E vai proferindo todas as palavras da letra linda cheia de dor e amor por aquela mulher que precisava aprender uma lição. Nessas horas a gente pede a Deus um gravador ou, no mínimo, uma memória de elefante.
Papo vem, e virar confidente de bebum era o caminho anunciado. Lembra da mulher que inspirou a música. Passa a mão no rosto antes de começar a contar uma das histórias. “Um dia a gente foi morar em Belém do Pará. Ela com o Deleon nos braços”, para, respira fundo, os olhos vermelhos marejam, passa a mão no rosto mais uma vez.
Pergunto: “Deleon é o seu filho?”. Faz que sim e continua.
- E o malandro quis se engraçar com ela, ela com o Deleon nos braços! -, sem perguntar, faço a relação de que talvez ela também tenha se engraçado com o malandro. Ele vai em frente: “Perguntei se ele sabia de onde eu era: ‘Rio de Janeiro, moro na favela’. Dei lhe uma lição.”
- Quiseram defender, mas no fim todo mundo me deu razão. Ela com o Deleon nos braços!? -, repete desolado, como quem diz: “Imagina só!”. Descobrimos que ele, apesar da mágoa que parece sentir, e provavelmente da que tenha causado à companheira, ainda é casado com ela. “Você me desculpa. Falo pra ela até hoje: ‘a vida ensina’.”
O papo está bom. Olhamos um para o outro sorrindo. “Que figura rara! E que amor real!”, penso e imagino ter pensado ela também. A hora já vai adiantada, o sono já vencendo, peço a saideira e tento, sem sucesso, repetir o refrão.
- Como é que é: ‘A razão da vida...’.
- A lição da vida vai lhe ensinar a razão do viver -, corrige para que eu, enfim, memorizasse. Aperto sua mão.

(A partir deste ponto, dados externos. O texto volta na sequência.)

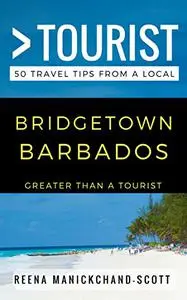 Greater Than a Tourist – Bridgetown Barbados: 50 Travel Tips from a Local (Greater Than a Tourist Caribbean)
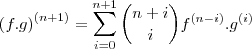 \left(f.g\right)^{(n+1)}= \sum_{i=0}^{n+1}\binom{n+i}{i} f^{(n-i)} .g^{(i)} \left(f.g\right)^{(n+1)}= \sum_{i=0}^{n+1}\binom{n+i}{i} f^{(n-i)} .g^{(i)}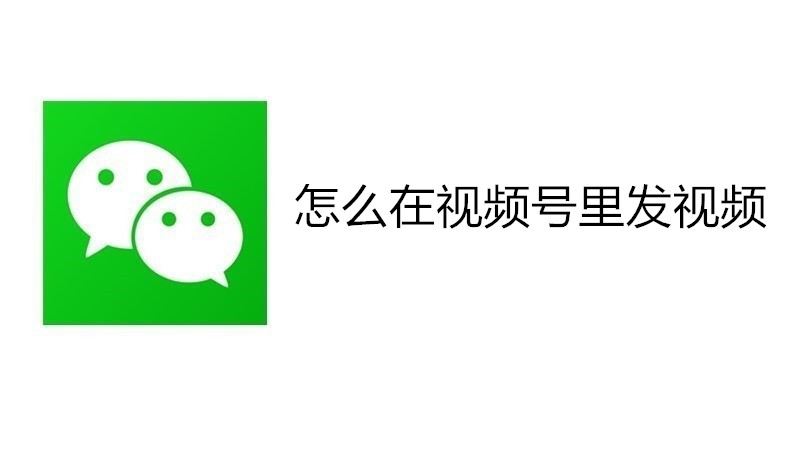 怎么在视频号里发视频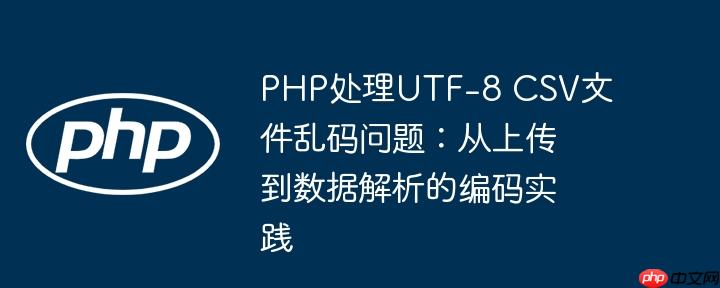PHP处理UTF-8 CSV文件乱码问题：从上传到数据解析的编码实践

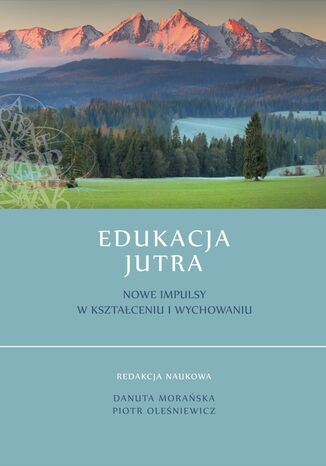 Edukacja jutra. Nowe impulsy w kształceniu i wychowaniu Redakcja naukowa Danuta Morańska, Piotr Oleśniewicz - okladka książki
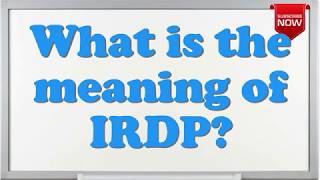 What is the full form of IRDP [upl. by Hcra727]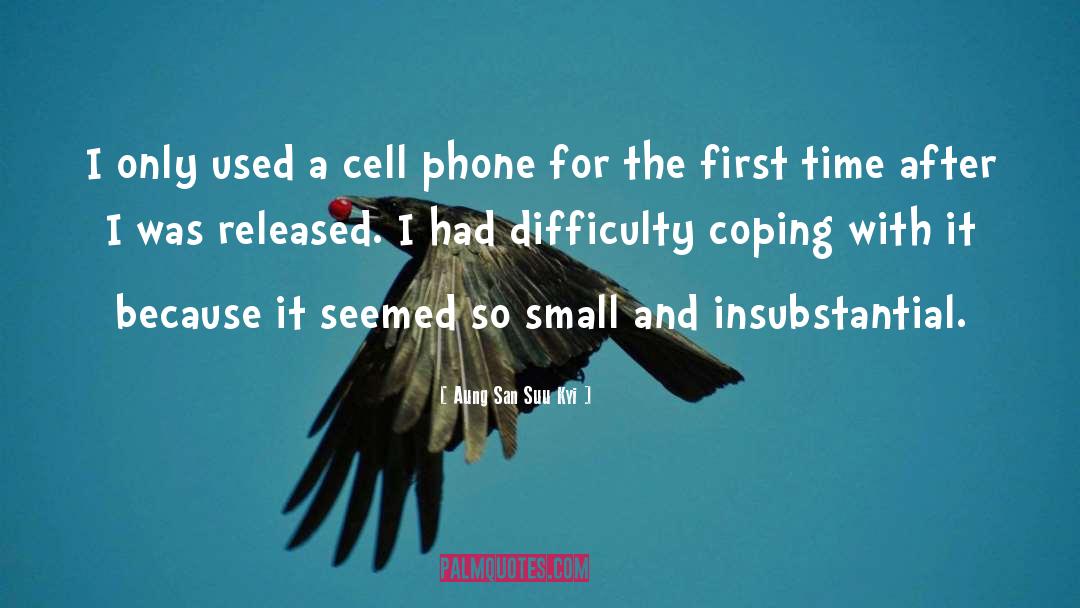 Aung San Suu Kyi Quotes: I only used a cell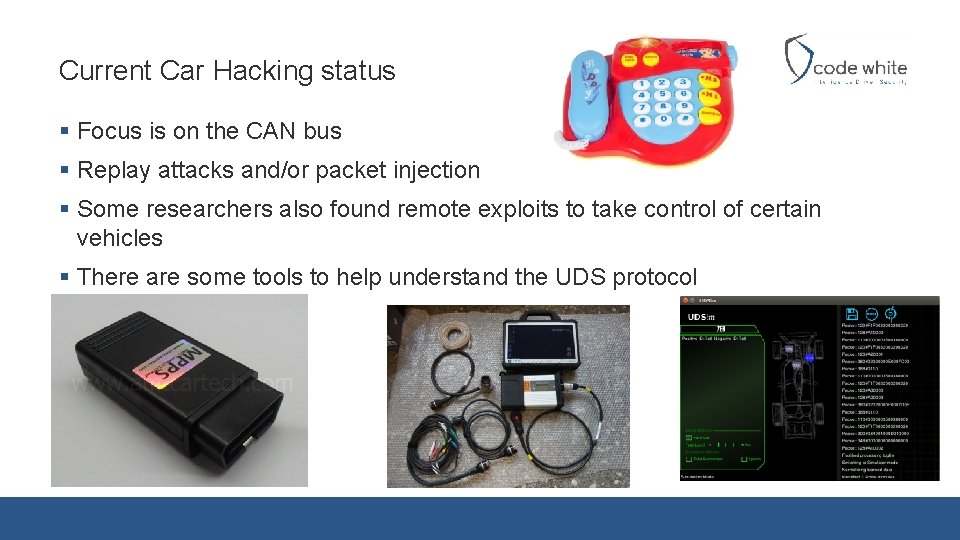 Current Car Hacking status § Focus is on the CAN bus § Replay attacks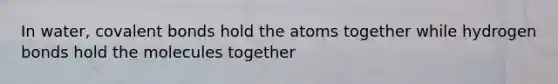 In water, covalent bonds hold the atoms together while hydrogen bonds hold the molecules together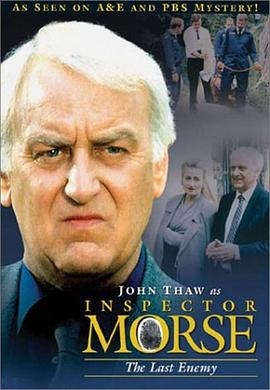Ħ˹̽�������ĵ��� Inspector Morse: The Last Enemy�������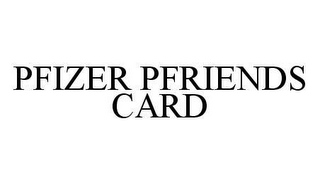 PFIZER PFRIENDS CARD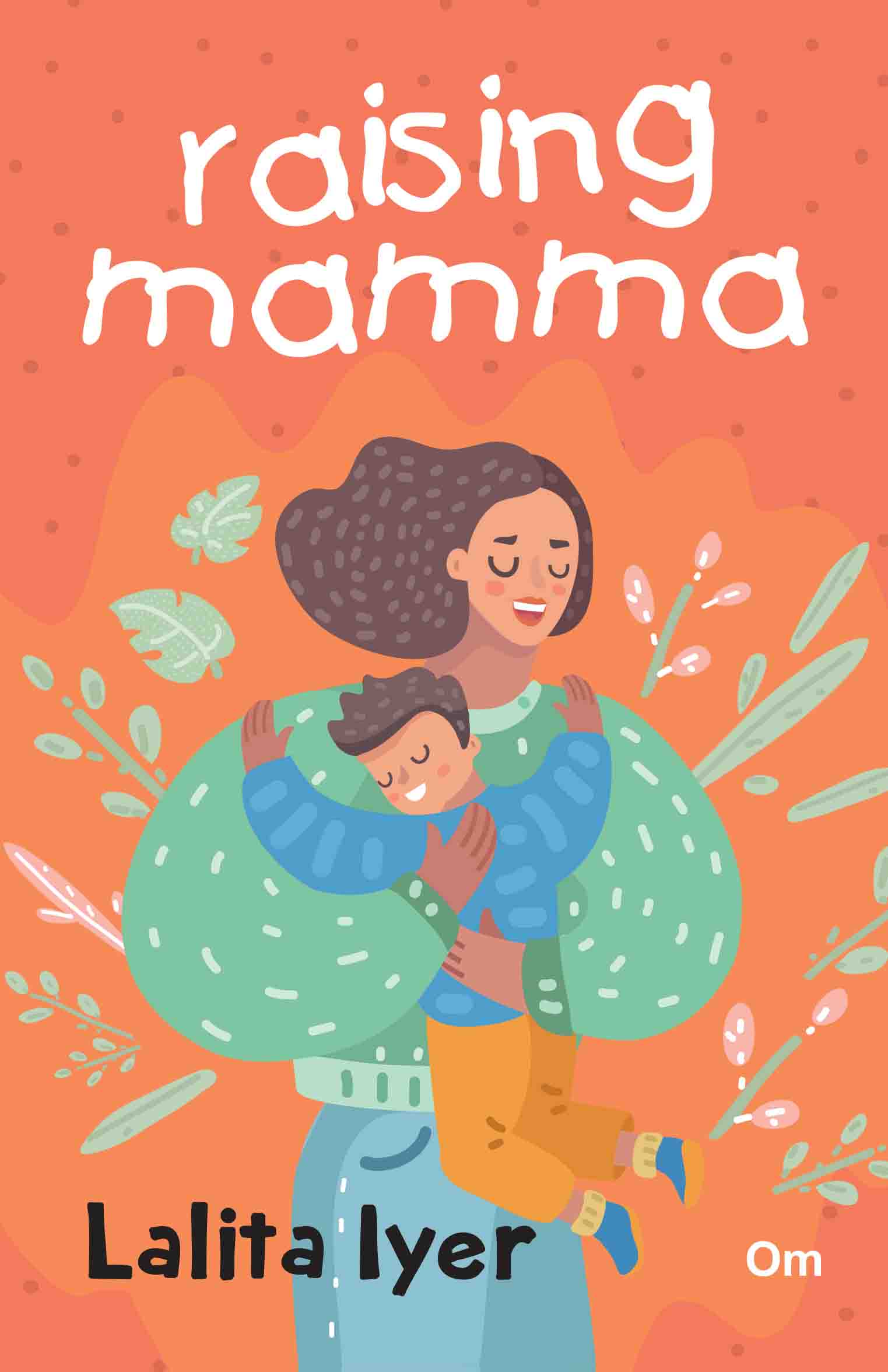 Raising Mamma by Lalita Iyer - Om Books - Distacart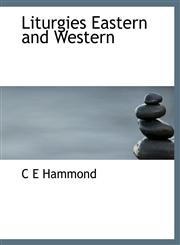 Liturgies Eastern and Western,1117915808,9781117915807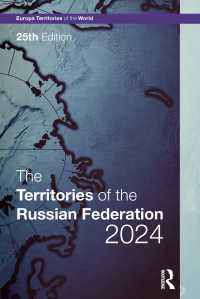 ロシア連邦地域調査（2024年版）<br>The Territories of the Russian Federation 2024（25）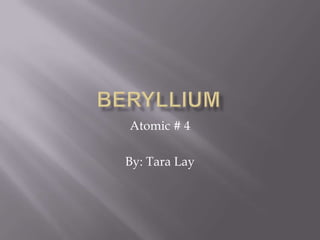 Atomic # 4

By: Tara Lay
 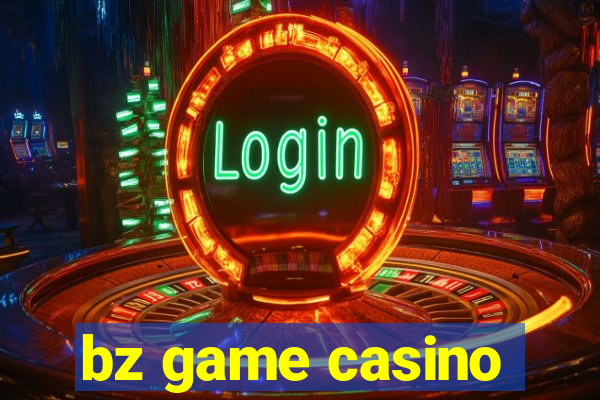 bz game casino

- Como é o nome do senhor?
- Jaime.
- E da sua senhora?
-Sandra. Desculpa qualquer coisa.
- Que nada. Prazer conversar com o senhor!
Lição da vida aprendida, vamos embora.
* Trecho adaptado da música Chiclete com Banana - Jackson do Pandeiro
Que belo encontro! De vez em quando a gente dá a sorte de esbarrar com uma figura rara dessas. Bom que aproveitou a sua!
"A lição da vida vai lhe ensinar a razão do viver". Bonito!